第3話 37度、初めて握った手の温度

 なぜ助かったのか、いまでも不思議なのだがぼくは釣りをしていた男性に助けられ、救急車で病院に運ばれた。言わないと病院に連れて行かないと脅されて、ぼくは本名と住所、学校名を救急隊に言った。今思えば、連れて行かないなんてこと、できる訳もないのに。ぼくは水をたくさん飲んで朦朧としていた。だから病院についてタオルを掛けられ、服を着替えさせられてもぼんやりしながらただ震えていた。水温はそこまで低くなかったのに、ぼくは歯の根も合わないほどの震えに襲われていた。

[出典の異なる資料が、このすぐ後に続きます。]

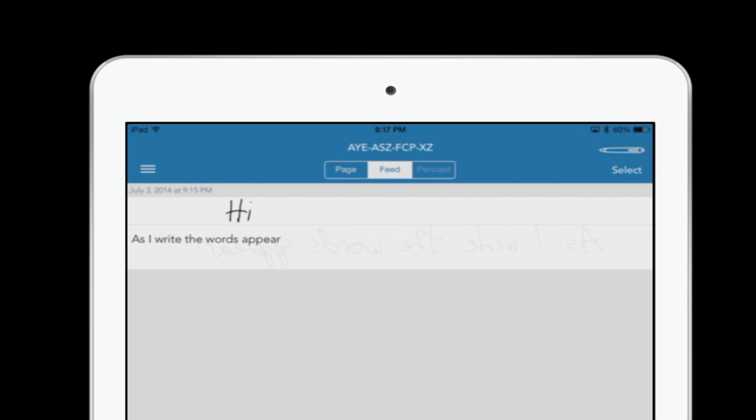And you probably already guessed it, but that text you can do anything with. You could send that into a Word document. You could send that into a Pages document, email, whatever you want. For those of you who are also fans of the app Penultimate, which is made by Evernote, this also works with Penultimate.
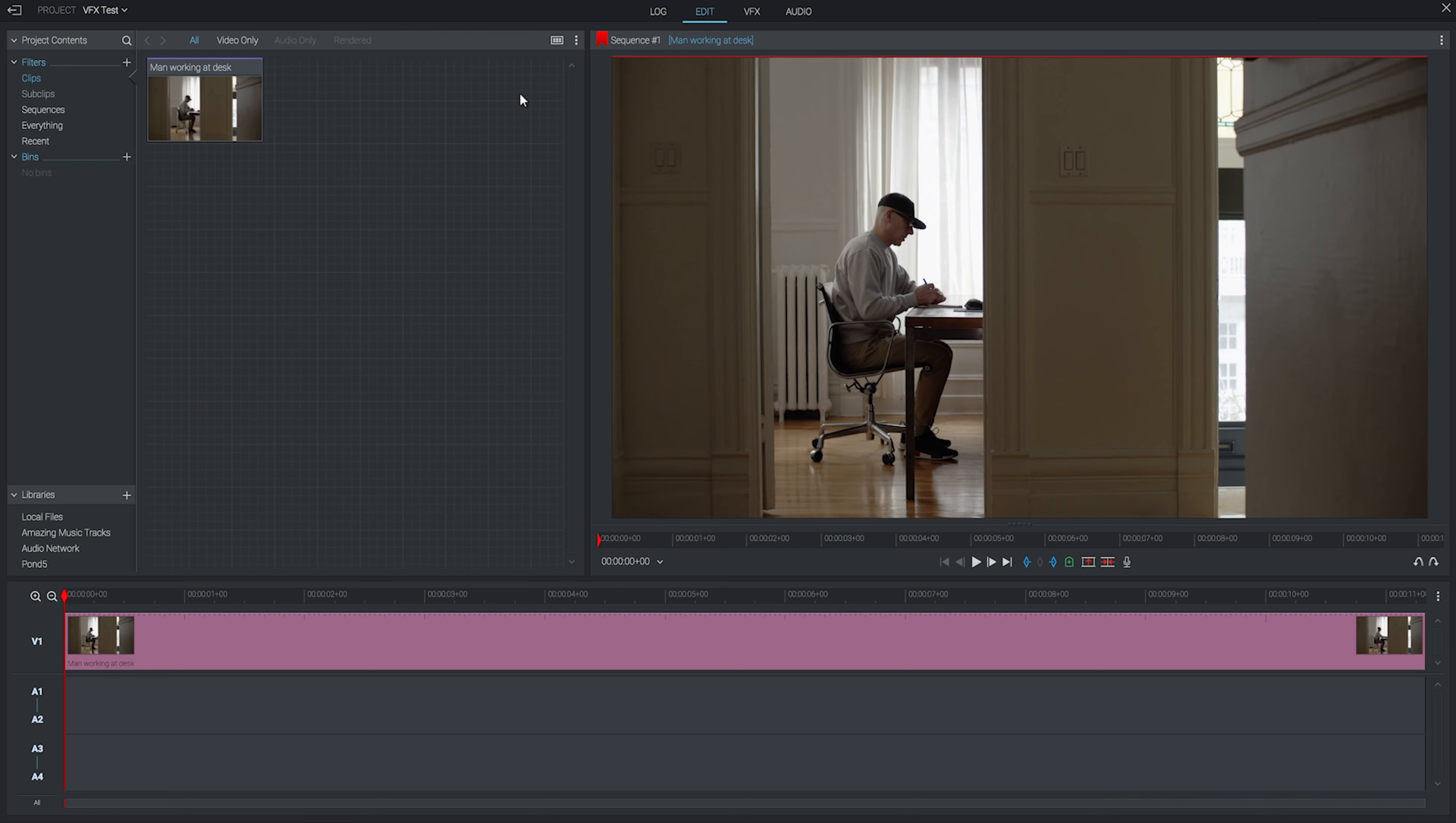Let's take a look at how we can do some basic visual effects and color work. We're going to use a different piece of footage for this segment, as the footage we've been using has already been quite heavily adjusted.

 一通り処置が済むと、若い女性の看護師がぼくの手を握って、できるだけ強く握り返してください、と言った。ぼくはしっかり彼女の手を握りながら、女性の手を握ったのは生まれて初めてだな、と場違いな感想を抱いた。眼鏡がなくなっていたのでよく見えなかったが、彼女は綺麗だと、ぼくは思った。握力があることを確認して彼女は手を離そうとした。ぼくはその時急に心細くなって、その手を離したくないと思った。初めて知る女性の手の感触は柔らかで、よるべなきこの自分を暖かく包んで守ってくれるような気がした。手を離そうとしないぼくを、彼女は不思議そうに見つめた。その表情は、何か聞きたそうに見えた。ぼくはその目を覗き込みーー手を離した。ぼくを乗せたストレッチャーは、他の看護師に押されて緊急外来を出た。お互いが見えなくなるまで、ぼくと彼女は互いを見つめあった。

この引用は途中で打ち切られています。